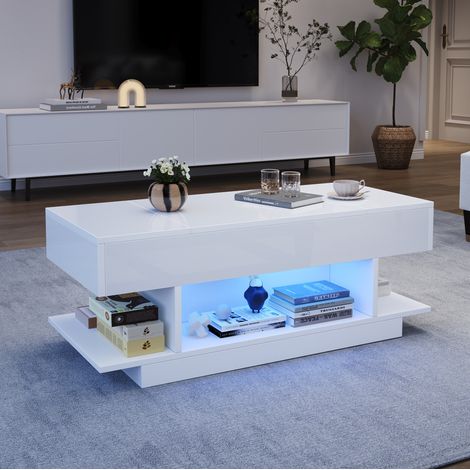 Table basse relevable 98x45x40 cm blanche en panneau de particules avec LED et rangement (1/5)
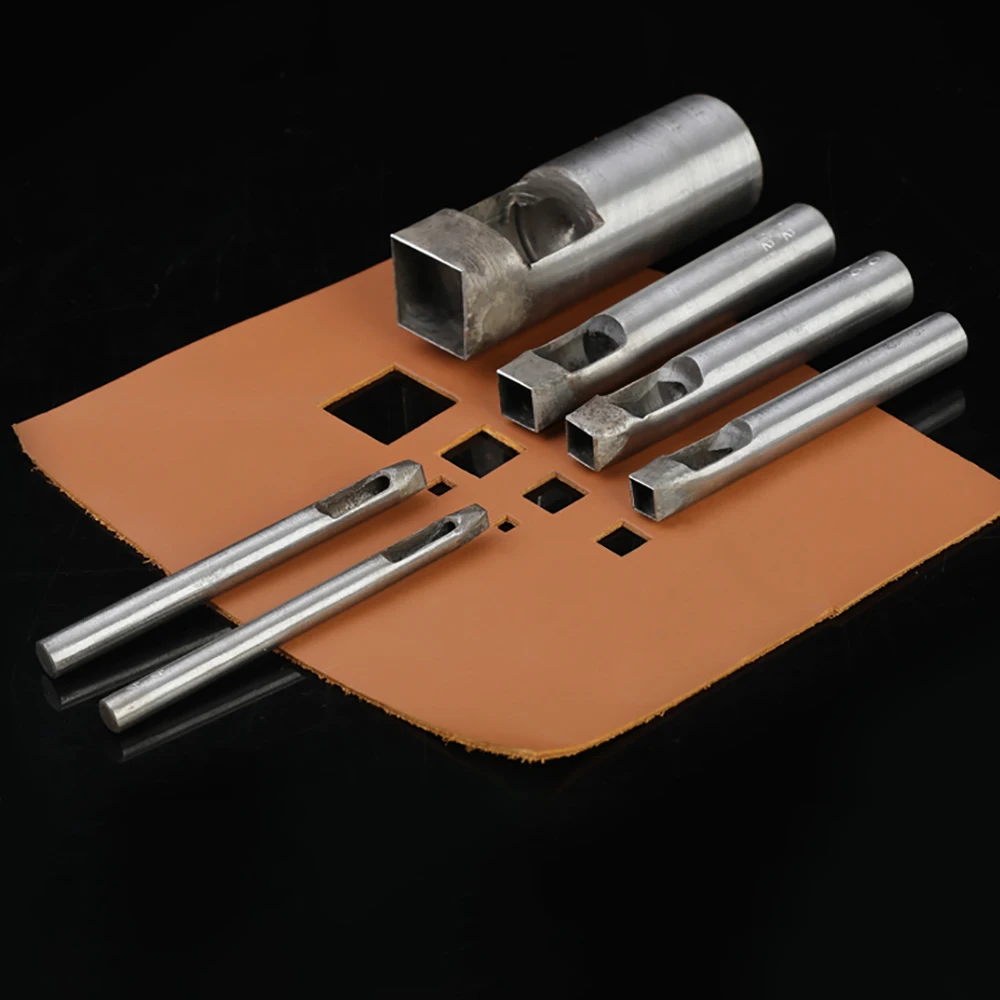 13PCS Leather Square Punch Set High Carbon Steel Side Length 2-25MM Square Hole Punching Tool DIY Leathercraft Tools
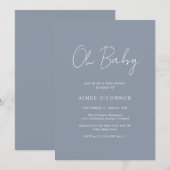 Robuust Blue Simple Boy-Baby shower voor script Kaart (Voorkant / Achterkant)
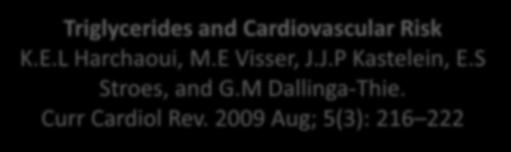wcześniejszą śmiertelność u obojga płci. Triglycerides and Cardiovascular Risk K.E.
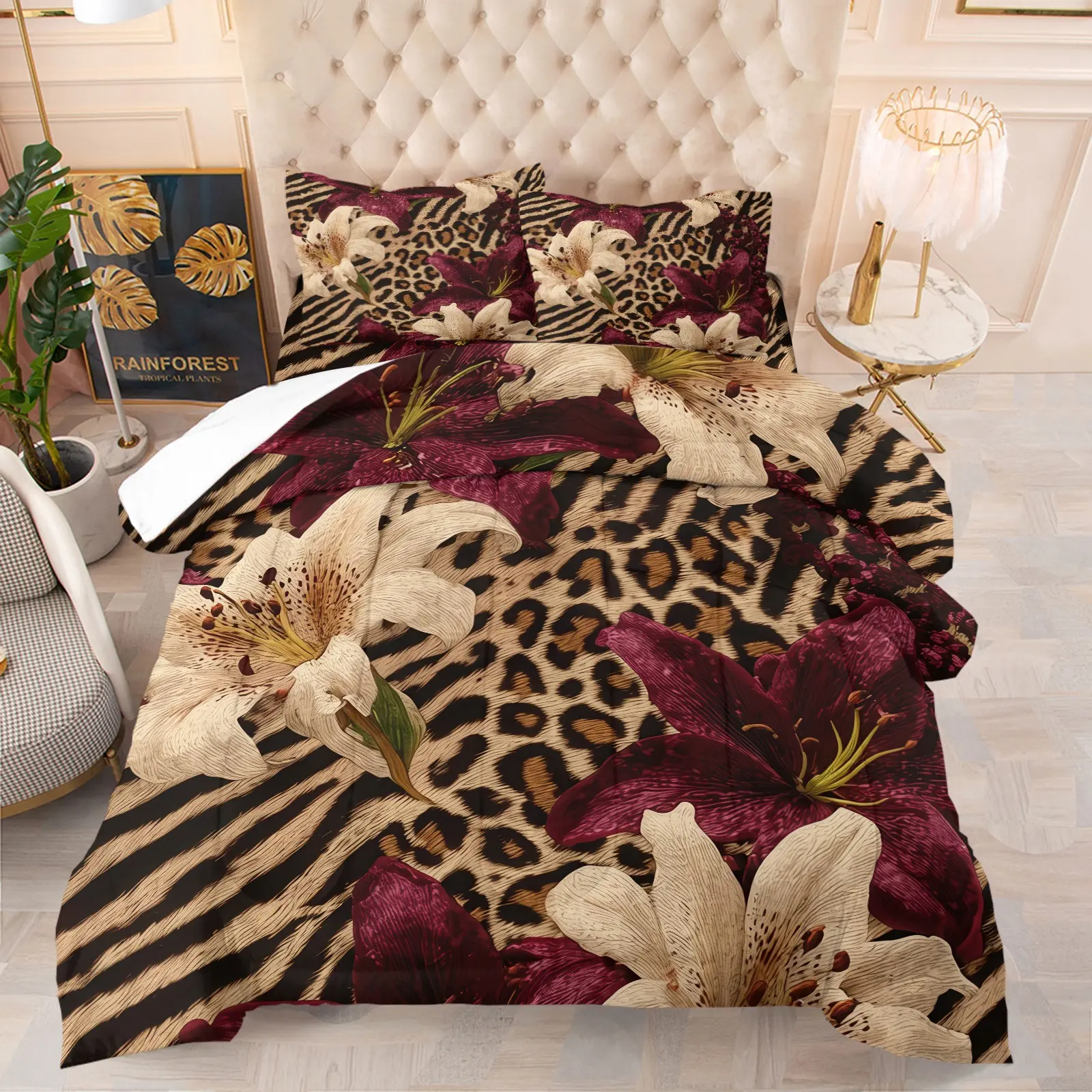 Leopard Zebra Lily Retro Comforter Set-Printed Bedding Set-Comfortable Easy Care Bedding-Wild Animal Texture and Blooming Lilies-Modern Spicy Girl Style Women's Bedroom & Dorm Decor-1 Quilt + 1-2 Coreless Pillowcases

++++++++++

--- PROBLEM TO SOLVE ---
All of the material should be written out again exactly, apart from the pictures.

--- ANSWER AREA ---
 Table basse relevable 98x45x40 cm blanche en panneau de particules avec LED et rangement (1/5)
 13PCS Leather Square Punch Set High Carbon Steel Side Length 2-25MM Square Hole Punching Tool DIY Leathercraft Tools
 Robuust Blue Simple Boy-Baby shower voor script Kaart (Voorkant / Achterkant)
wcześniejszą śmiertelność u obojga płci. Triglycerides and Cardiovascular Risk K.E.
 Leopard Zebra Lily Retro Comforter Set-Printed Bedding Set-Comfortable Easy Care Bedding-Wild Animal Texture and Blooming Lilies-Modern Spicy Girl Style Women's Bedroom & Dorm Decor-1 Quilt + 1-2 Coreless Pillowcases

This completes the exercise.